» **MATERIAL FOR THIS EXERCISE**:

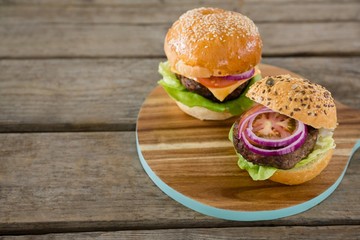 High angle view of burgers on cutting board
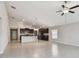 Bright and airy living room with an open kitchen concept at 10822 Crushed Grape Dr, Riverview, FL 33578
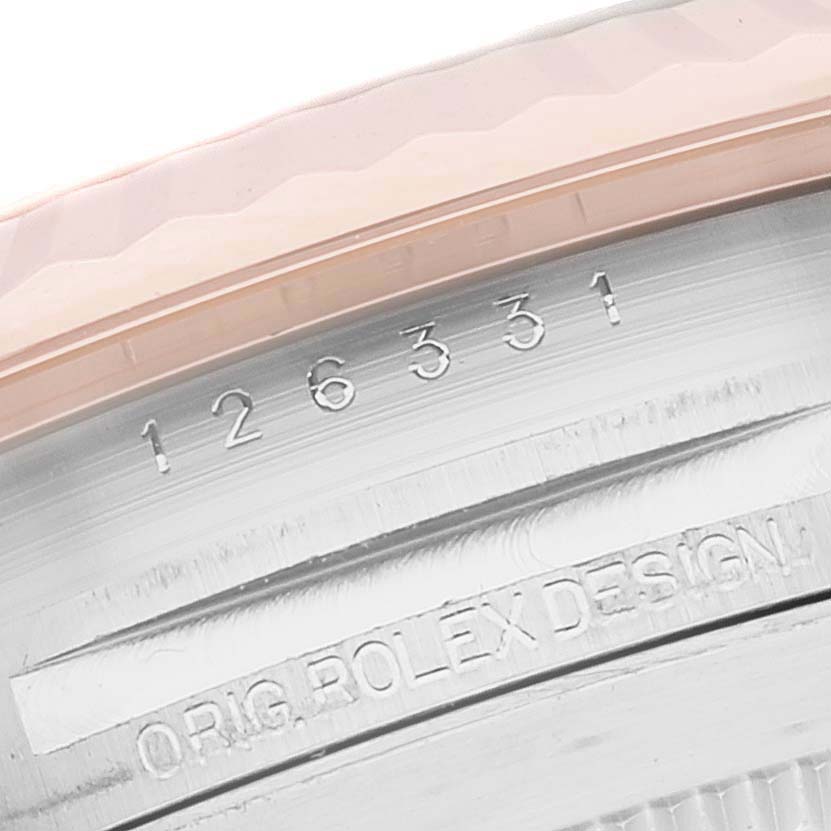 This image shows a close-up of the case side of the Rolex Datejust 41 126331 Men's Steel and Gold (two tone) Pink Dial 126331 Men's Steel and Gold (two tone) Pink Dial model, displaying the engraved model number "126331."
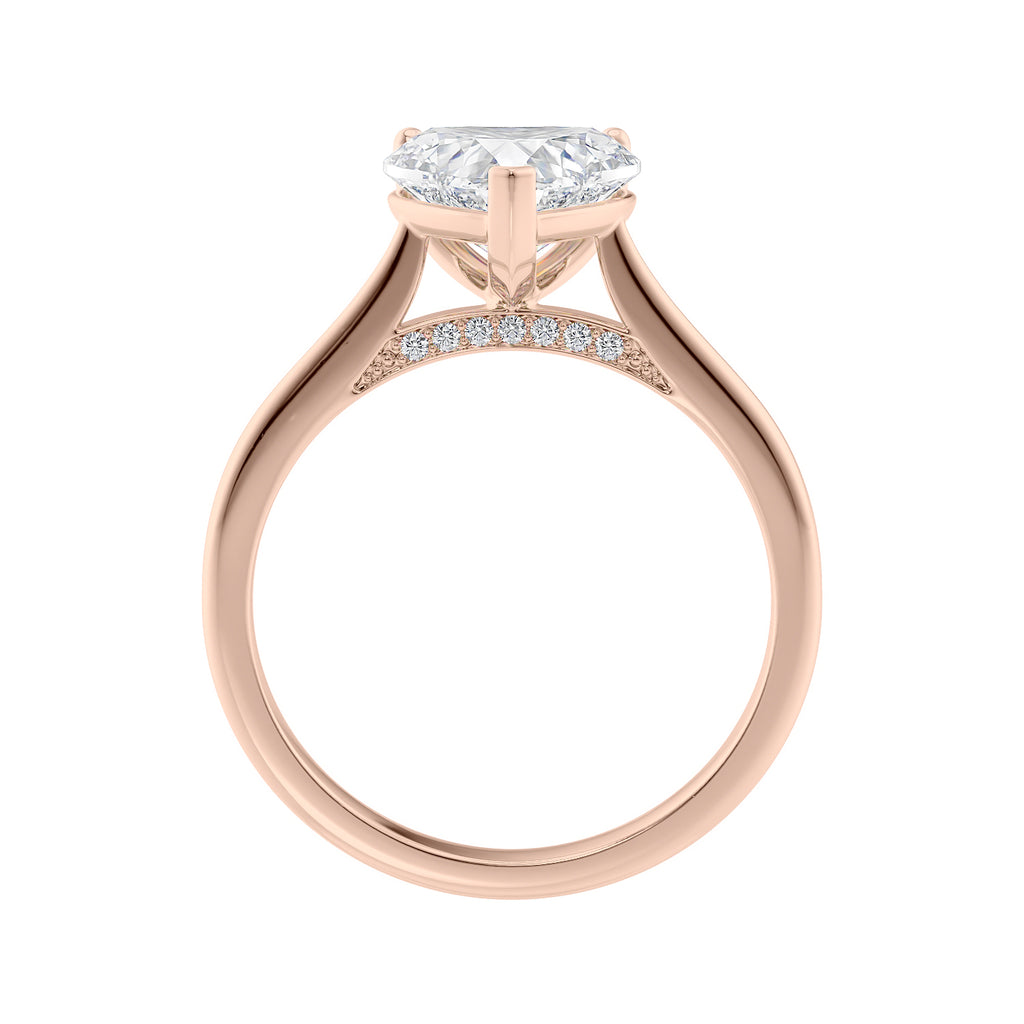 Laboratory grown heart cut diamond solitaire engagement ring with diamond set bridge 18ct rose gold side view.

---

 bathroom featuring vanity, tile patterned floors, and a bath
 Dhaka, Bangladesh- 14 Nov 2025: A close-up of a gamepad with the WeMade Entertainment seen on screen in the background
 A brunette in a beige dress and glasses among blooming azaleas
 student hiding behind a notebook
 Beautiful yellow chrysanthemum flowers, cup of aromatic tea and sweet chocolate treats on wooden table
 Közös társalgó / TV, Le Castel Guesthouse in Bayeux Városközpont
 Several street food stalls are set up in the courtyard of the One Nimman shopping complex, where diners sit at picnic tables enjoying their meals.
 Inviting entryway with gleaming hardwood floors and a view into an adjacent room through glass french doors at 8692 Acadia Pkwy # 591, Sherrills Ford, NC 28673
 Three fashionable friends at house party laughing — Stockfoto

...

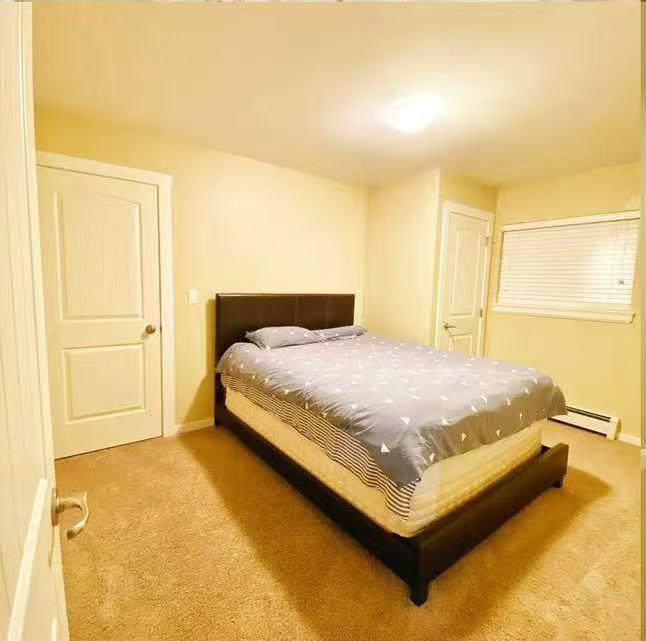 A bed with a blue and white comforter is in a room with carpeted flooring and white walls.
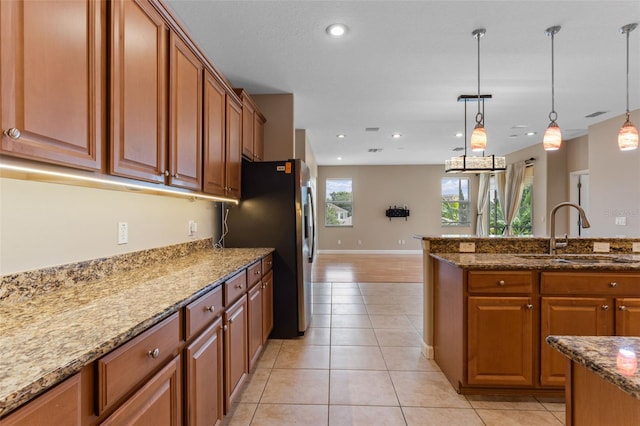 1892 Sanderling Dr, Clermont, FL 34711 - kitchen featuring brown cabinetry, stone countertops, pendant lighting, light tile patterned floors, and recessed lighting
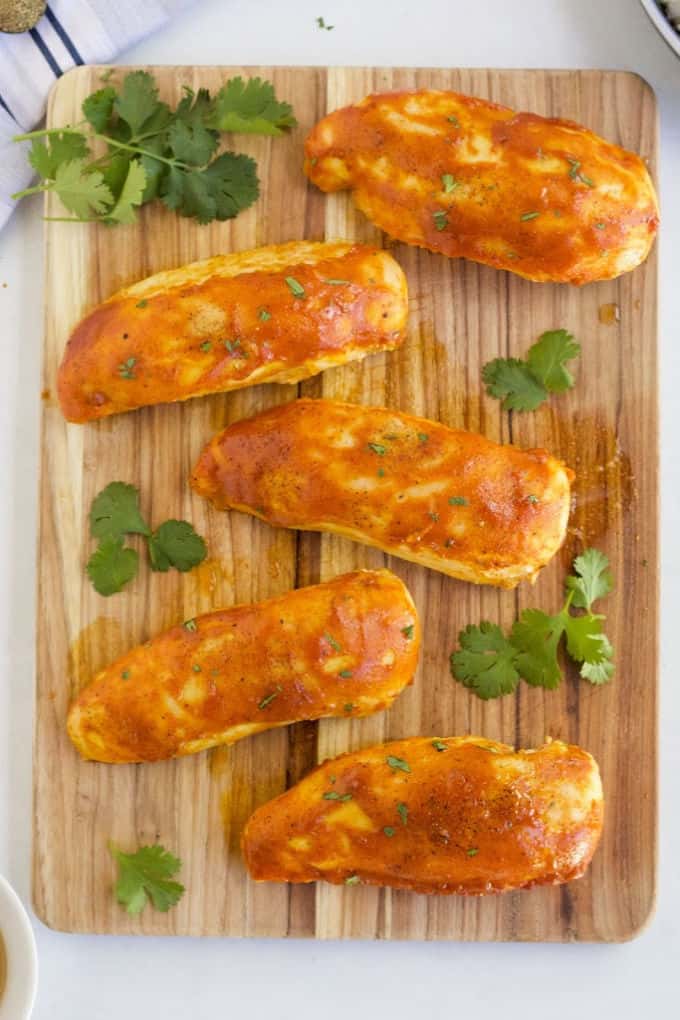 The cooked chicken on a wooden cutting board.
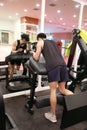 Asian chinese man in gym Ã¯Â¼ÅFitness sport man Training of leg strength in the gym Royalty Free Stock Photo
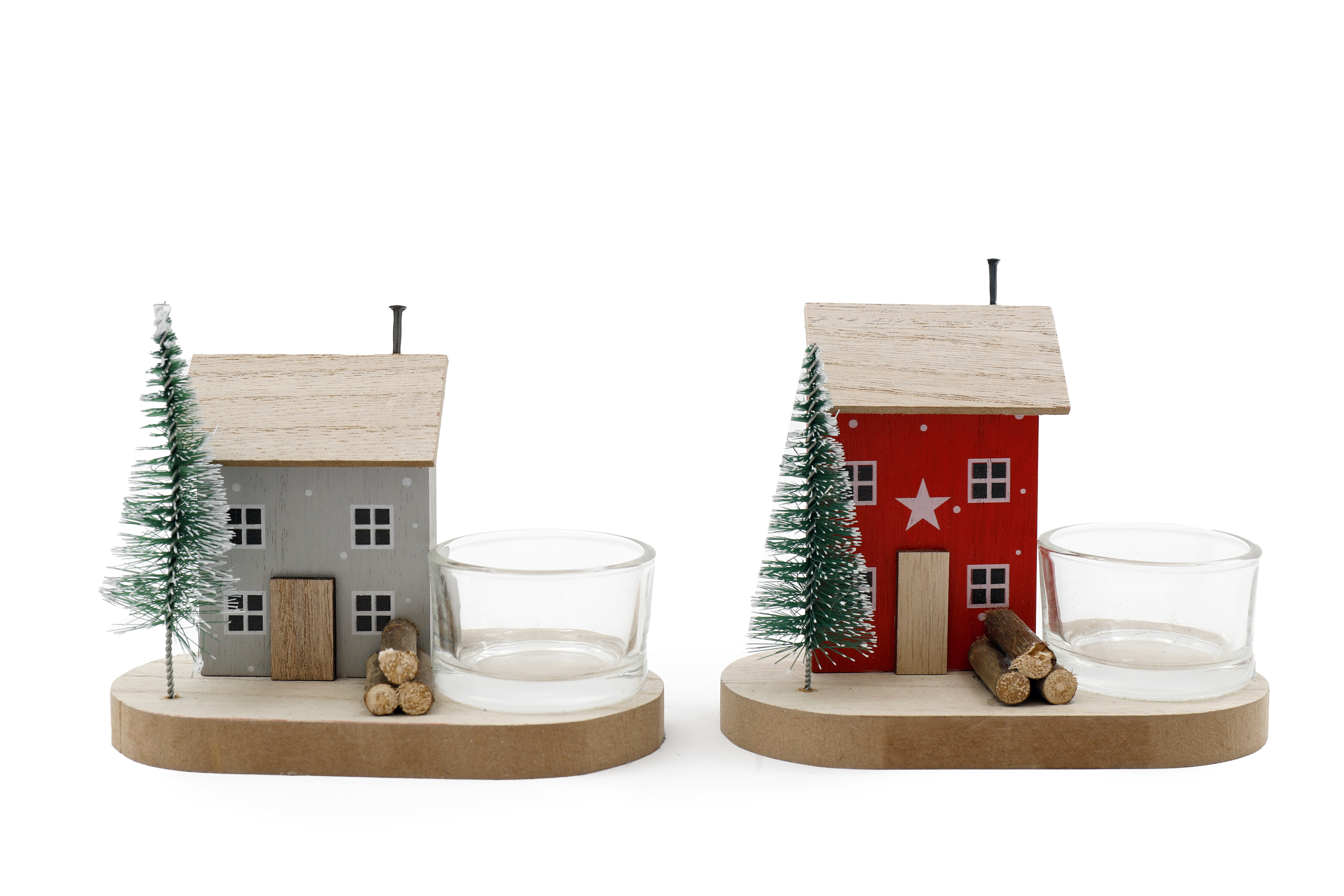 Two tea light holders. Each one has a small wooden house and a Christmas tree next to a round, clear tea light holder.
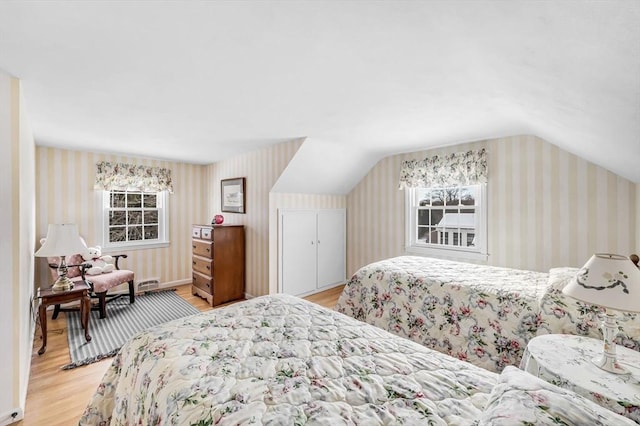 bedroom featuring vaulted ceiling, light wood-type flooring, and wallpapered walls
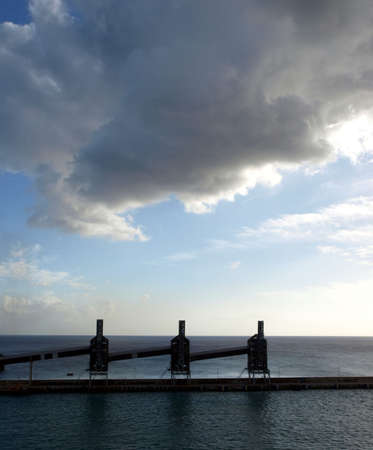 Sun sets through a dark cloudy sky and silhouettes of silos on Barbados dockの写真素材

» **YOUR INSTRUCTIONS**: In the listing above, locate the line containing "bathroom featuring vanity, tile" and the line containing "A brunette in", then transcribe both and every line between them verbatim.

» **TASK RESPONSE**:
 bathroom featuring vanity, tile patterned floors, and a bath
 Dhaka, Bangladesh- 14 Nov 2025: A close-up of a gamepad with the WeMade Entertainment seen on screen in the background
 A brunette in a beige dress and glasses among blooming azaleas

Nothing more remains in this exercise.